WHAT YOU ARE ASKED TO DO → Take the line with "Prof. Richard Saage" and every line after it in the entries below, and set them down exactly, without any pictures.

[Image-caption web data]
- - -

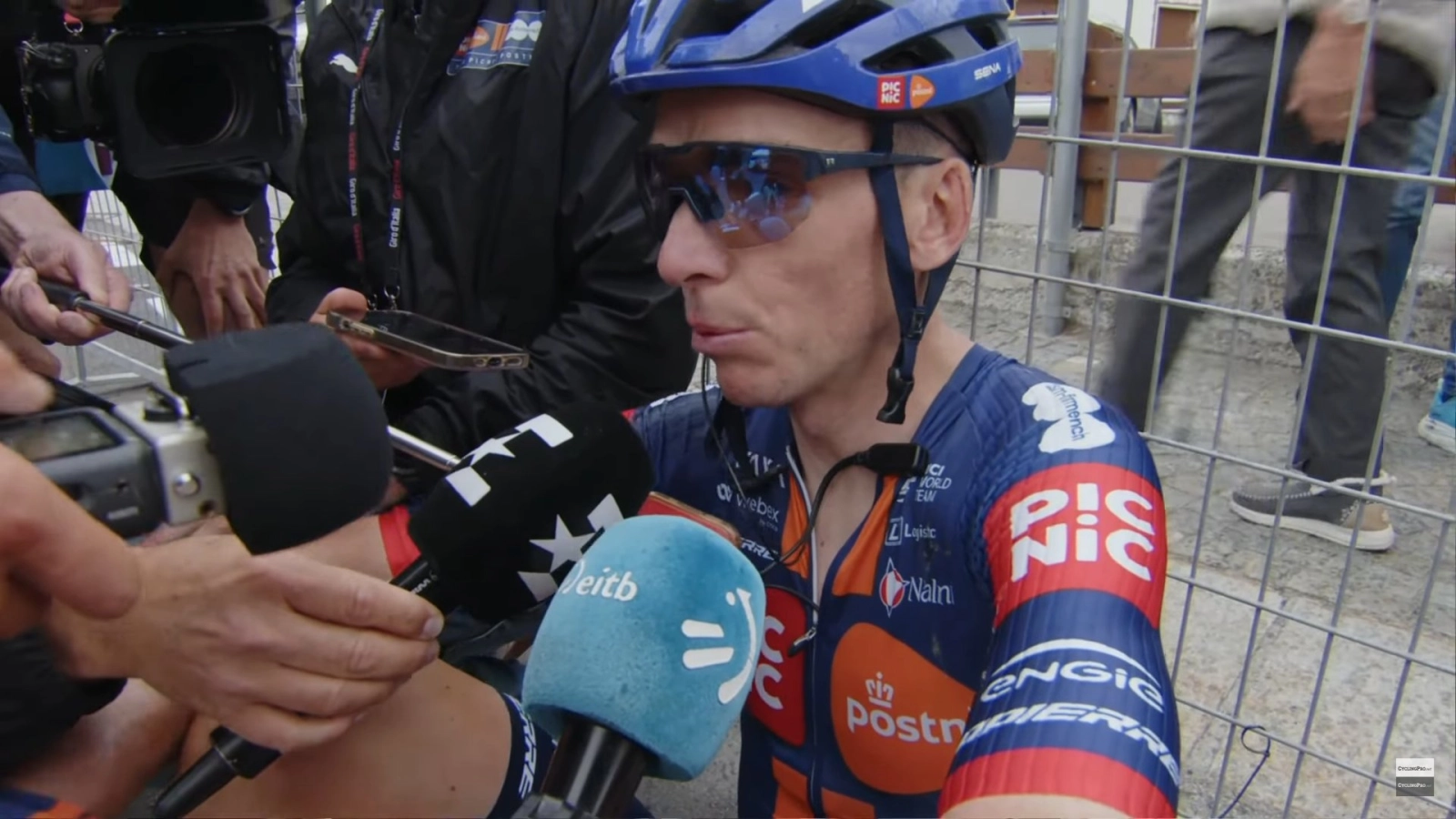 Del Toro defends the pink jersey of the Giro d'Italia like a champion against a Carapaz who continues to bet on winning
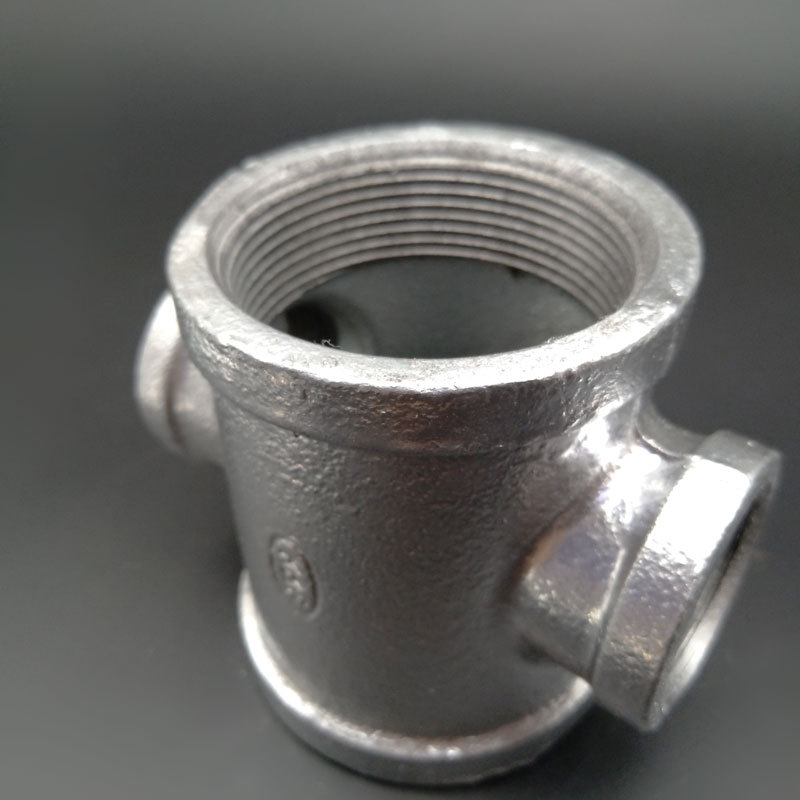 卡耐夫国标四通正四通镀锌铸铁消防玛钢管件产地货源变径四通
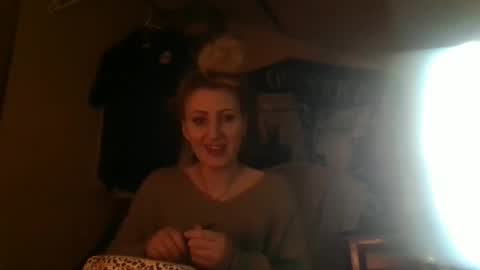 Snapshot of blondebellaaa3 chatting on 03.06.25 Gia  online show from 03.06.25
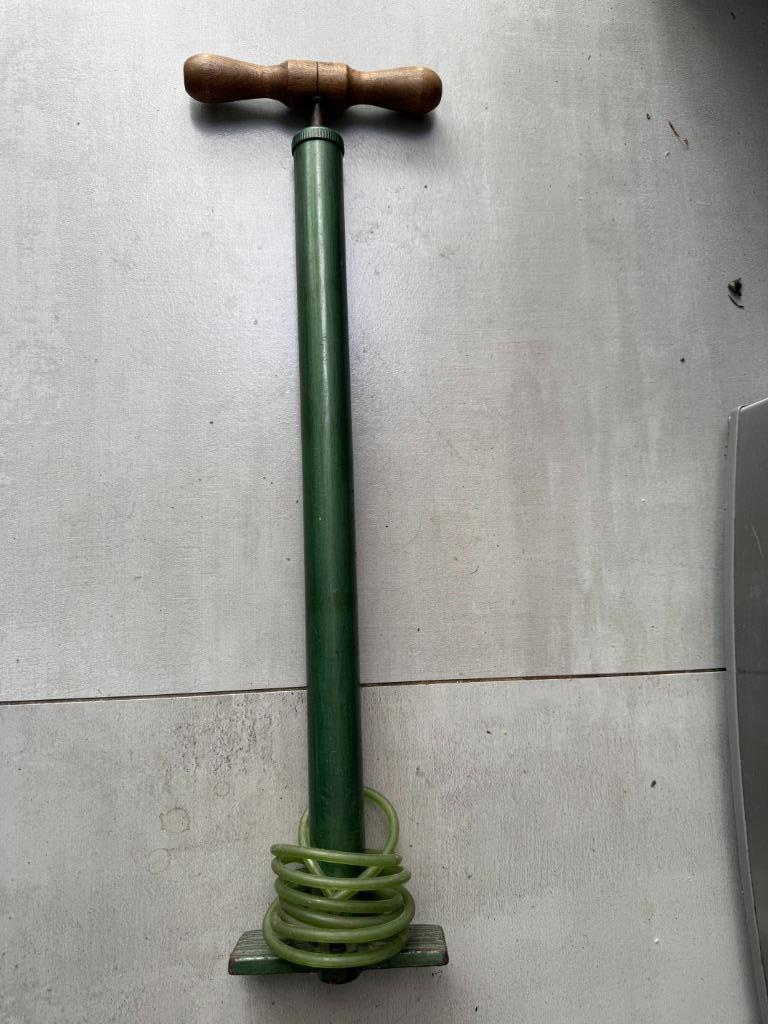 Pompe à Pied Velo Vintage Old School Bike Cycle métal & bois, Enlèvement ou Envoi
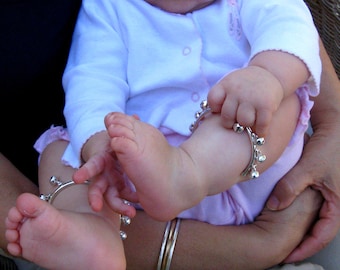 Baby leg bracelet best sale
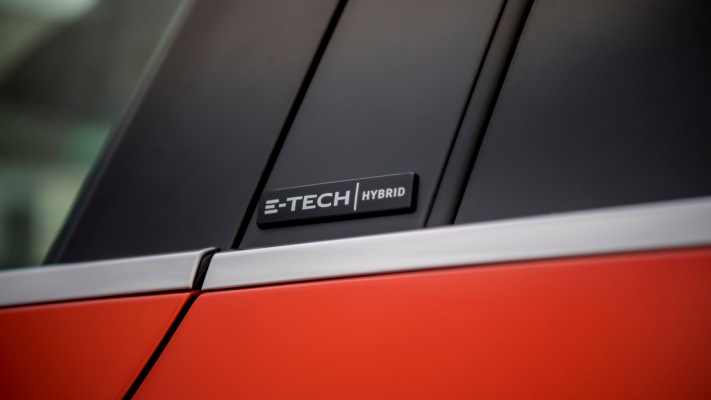 Renault Clio E-Tech Hybrid UK Version 2021. Desktop wallpaper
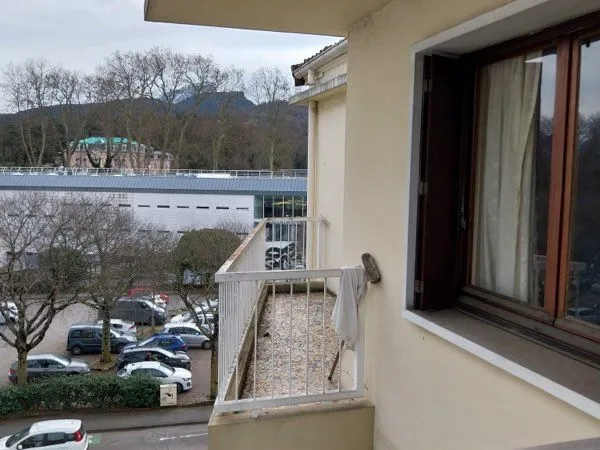Apparemment à loué 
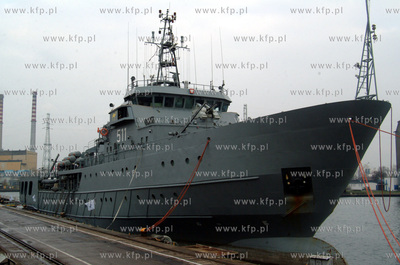 ORP Kontradmiral Xawery Czernicki w Stoczni Polnocnej...
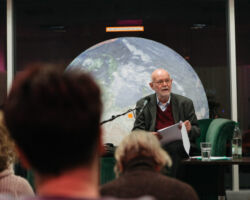 Prof. Richard Saage hielt die Eröffnungsrede. Foto© Fabian Thüroff Professor Richard Saage hält die Eröffnungsrede im Festivalzentrum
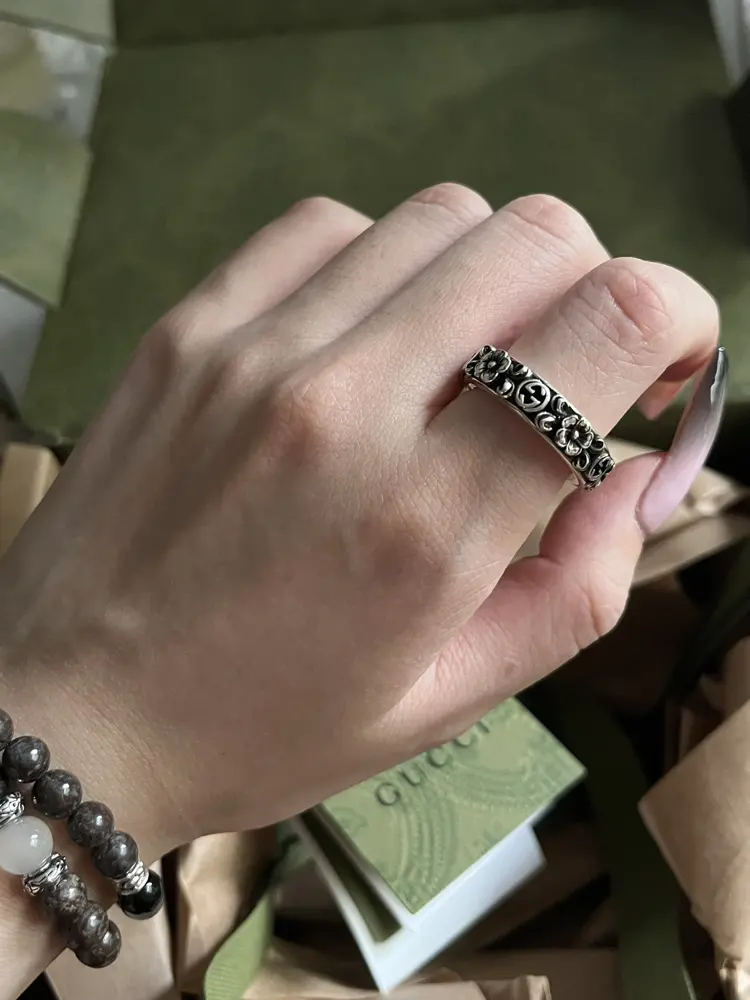 Gucci Interlocking Double G Flower Vintage Ring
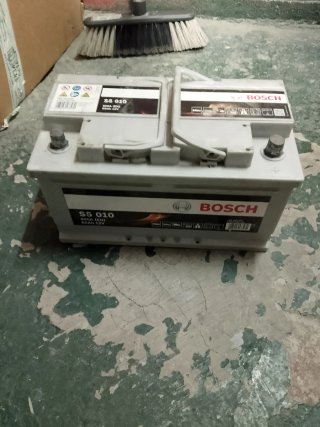 Batería Bosch S5 010 85Ah 800A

- - -

COMPLETED EXERCISE →
 Prof. Richard Saage hielt die Eröffnungsrede. Foto© Fabian Thüroff Professor Richard Saage hält die Eröffnungsrede im Festivalzentrum
 Gucci Interlocking Double G Flower Vintage Ring
 Batería Bosch S5 010 85Ah 800A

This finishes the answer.